* [WHAT THIS TASK INVOLVES] Your output should be everything below from the line containing "Jersey a rayas" down to the line containing "Chateau de Nyon, Nyon, Kanton", both ends included, copied exactly, with pictures left out.

======== DATA TO USE

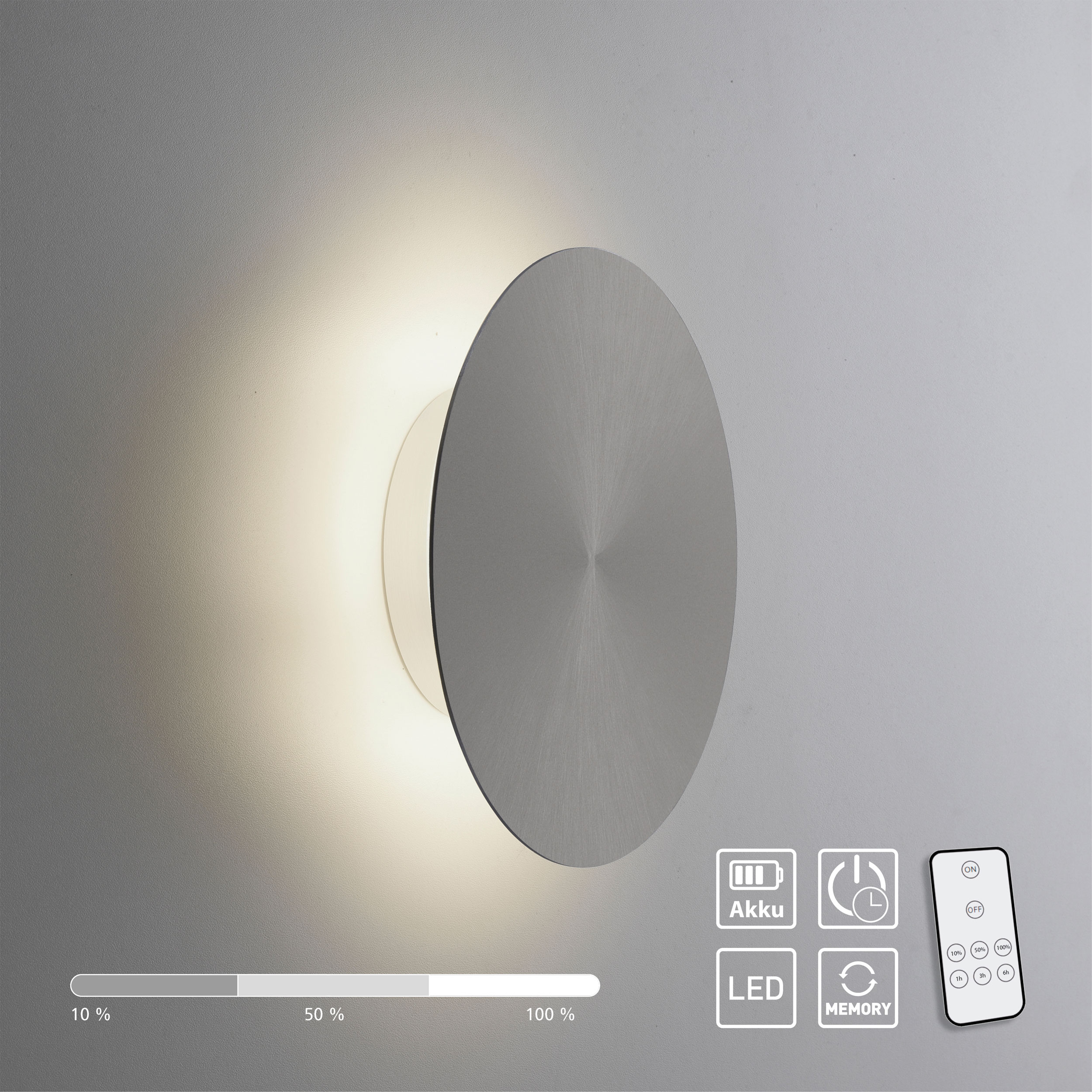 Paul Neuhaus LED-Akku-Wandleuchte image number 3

================
======== DATA TO USE

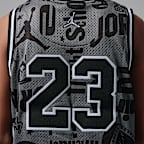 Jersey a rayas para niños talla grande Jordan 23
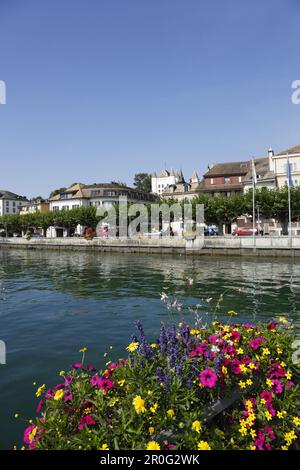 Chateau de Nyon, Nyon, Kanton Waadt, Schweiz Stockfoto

================

* [SOLUTION TO THE PROBLEM]
 Jersey a rayas para niños talla grande Jordan 23
 Chateau de Nyon, Nyon, Kanton Waadt, Schweiz Stockfoto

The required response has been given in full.